The do's and don'ts of networking

HR ADVICE

AS discussed in last week's article, Cambodia offers many opportunities for young professionals to network with their peers. Professional networking can advance your own career as well as the interests of your employer.

However, give some thought to how you network. Just as good networking can propel your rise to the top, bad networking can cause lasting damage to your reputation within the business community. Networking is a skill, like any other. It takes time and effort to learn how to network effectively.

Below, we outline some of the do's and don'ts of professional networking at corporate events, such as conferences, dinners and training seminars.

What to do

  • Before you arrive, think about what you would like to achieve from the networking event.
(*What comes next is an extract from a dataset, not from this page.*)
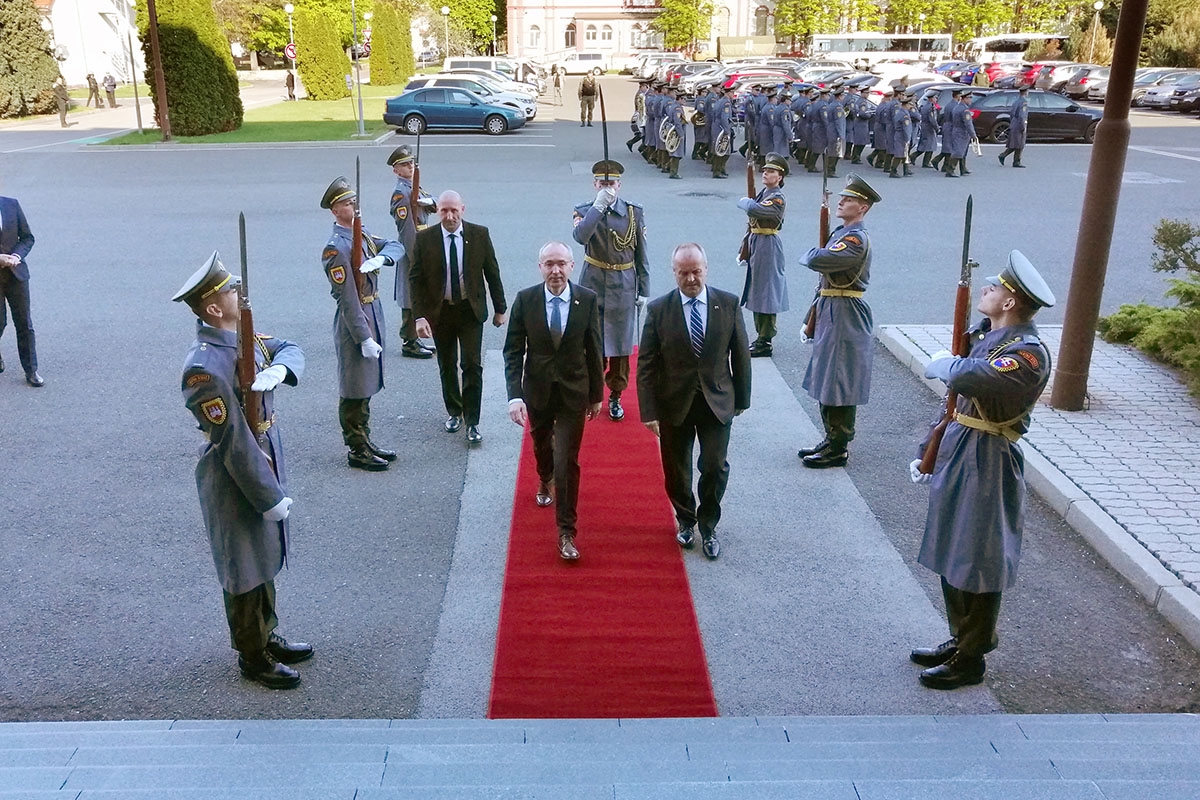 https://www.morh.hr/wp-content/gallery/ministar-krsticevic-u-sluzbenom-posjetu-slovackoj/ministar_slovacka_16042019_02.jpg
Are there particular people you want to meet? Is there a particular issue you want to discuss? Have a clear focus for your networking.
  • Think about how best to describe your company and your position. Have answers ready for the inevitable questions, "What do you do?" and "What does your company do?" Try to make a good impression but without stretching the truth.
  • Bring plenty of business cards with you. In Cambodia, you are generally expected to swap business cards with anyone with whom you are talking. Not only does this give you their contact details for future reference, but a quick glance at their card tells you all you need to know about their name, job title and organisation. This will help you start the conversation in the right direction.
  • Try to make your conversation interesting. Have confidence in yourself to talk about general business, industry or social issues - but without being controversial or inappropriate.
  • Remember that networking is a two-way street. Look for opportunities to provide a favour, not just to ask for one.
  • After the event, follow up quickly on any referrals or offers of help. If you promise to help somebody, do it without their having to remind you. Be sure to thank the person for any help or assistance that he or she provides you.
  • After the event, try to keep the relationship "alive" through regular or occasional contact - provided the other person is not too senior. A quick phone call or email can be sufficient. Stay in touch even when you don't need something from them. Don't only make contact when you need a favour, as they might feel exploited.

What not to do

  • Don't be too timid. It can take time to feel comfortable at networking events, but don't be paralysed by your shyness. If you feel very intimidated, gain some confidence by seeking out the more junior people in the room.
  • Don't be too pushy or impatient in your networking. Don't ask somebody for a favour within the first two minutes of meeting them. It takes time to establish rapport and build trust.
  • Don't ask for a favour that the person cannot deliver, such as supplying confidential or valuable information. This will put the person in an uncomfortable position. Similarly, don't make promises you can't keep.
  • Don't get upset if somebody says they cannot help you. There might be good reasons why they cannot help you with your request. They might be able to help you with something further down the track, so don't write them off.
  • Don't criticise or "bad mouth" other people at networking events. This will reflect poorly on you, rather than the person you are criticising. For all you know, the person you are criticising may be a good friend of the person to whom you are talking.
  • Once you have somebody's contact details, don't call them outside business hours - unless you know them very well or it is absolutely urgent. If you do have to call them outside business hours, apologise for disturbing them.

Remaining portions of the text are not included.